# Problem requirements
Please retype the records below exactly, omitting any images.

= = =

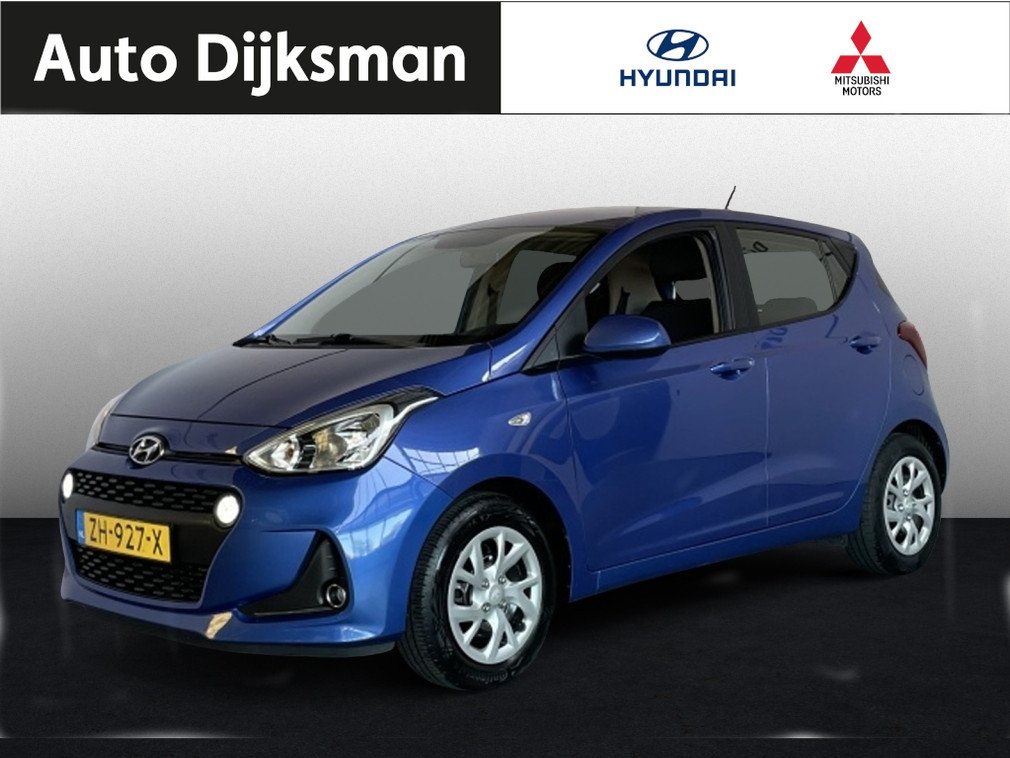 Hyundai i10 1.0i Comfort Smart Carplay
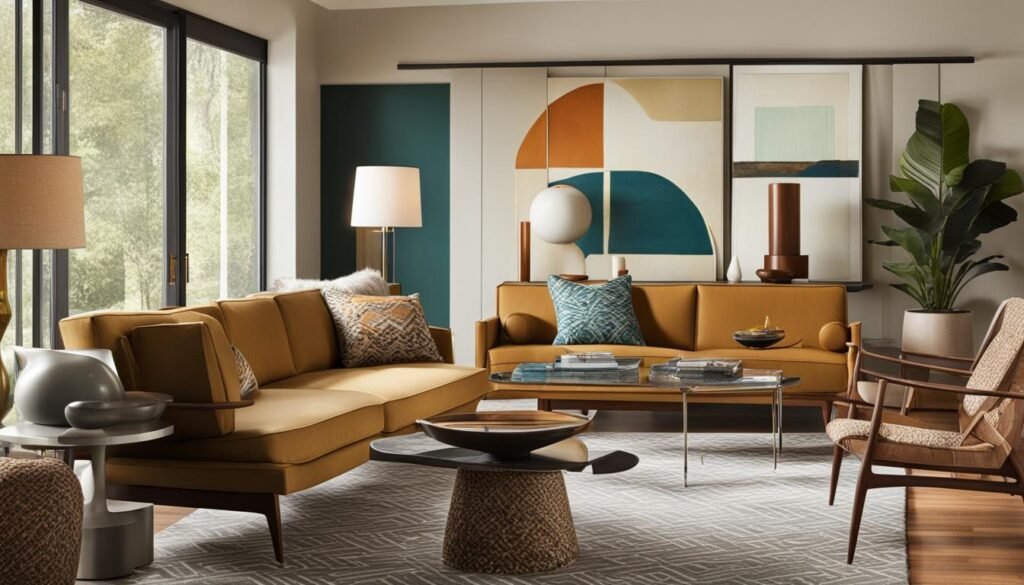 Midcentury Modern Interior Design
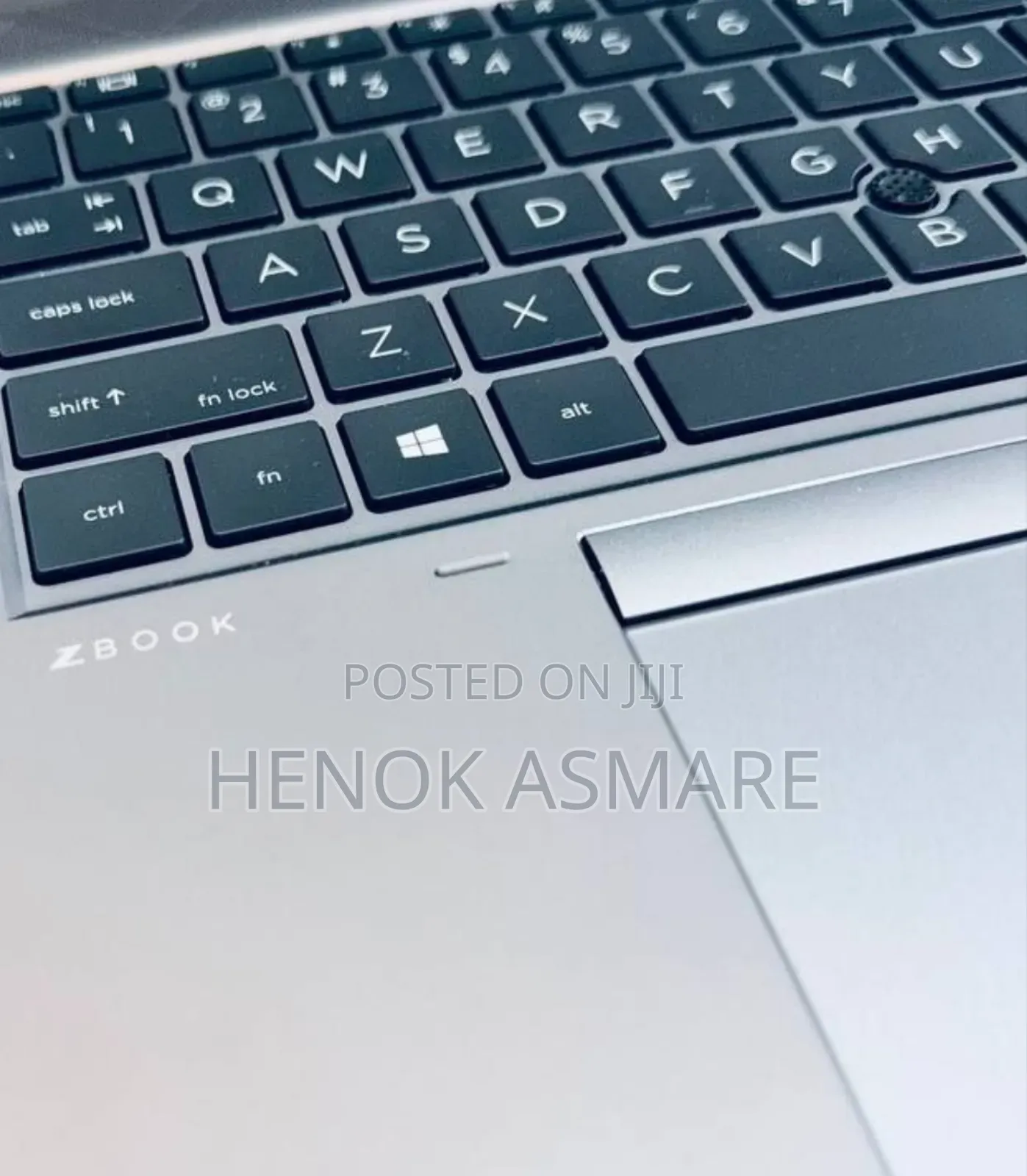 New Laptop HP ZBook 15 16GB Intel Core I7 SSD 1T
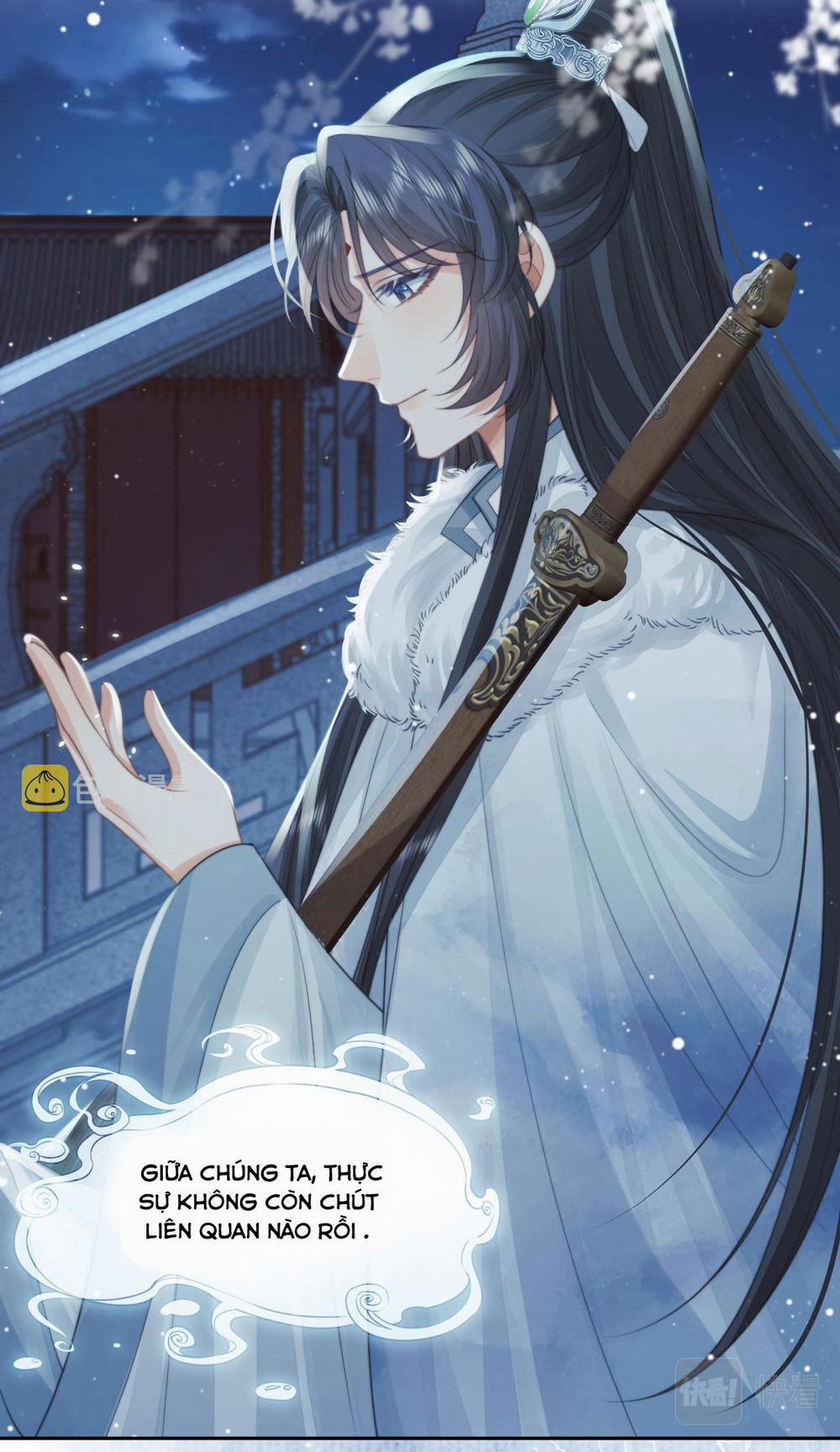 Sư Tôn Mỹ Nhân Bệnh Độc Chiếm 59 trang 22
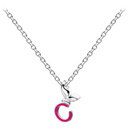 C Alphabet Necklace
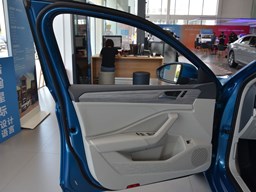 大眾速騰 內(nèi)飾圖片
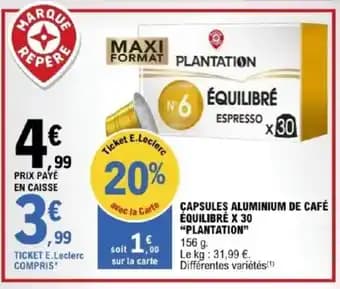 Promotion Exclusives de 1
            
        
        Equilibré : Découvrez l'Offre incontournable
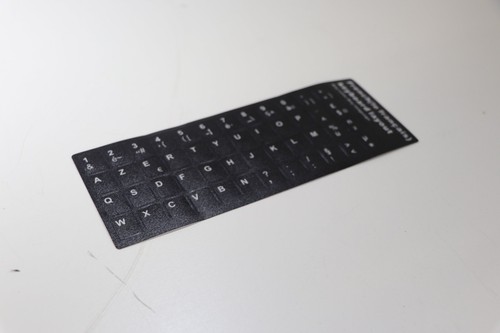 Stickers autocollants azerty - stickers,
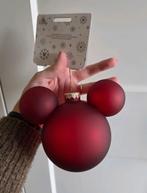 Disney Store Mickey Mouse kerstbal kerst ornament NIEUW, Verzamelen, Disney, Ophalen of Verzenden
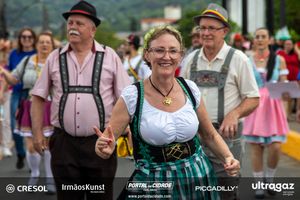 36&ordf; Oktoberfest de Igrejinha (Desfile Oficial)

= = =

# Solved problem
 Hyundai i10 1.0i Comfort Smart Carplay
 Midcentury Modern Interior Design
 New Laptop HP ZBook 15 16GB Intel Core I7 SSD 1T
 Sư Tôn Mỹ Nhân Bệnh Độc Chiếm 59 trang 22
 C Alphabet Necklace
 大眾速騰 內(nèi)飾圖片
 Promotion Exclusives de 1
            
        
        Equilibré : Découvrez l'Offre incontournable
 Stickers autocollants azerty - stickers,
 Disney Store Mickey Mouse kerstbal kerst ornament NIEUW, Verzamelen, Disney, Ophalen of Verzenden
 36&ordf; Oktoberfest de Igrejinha (Desfile Oficial)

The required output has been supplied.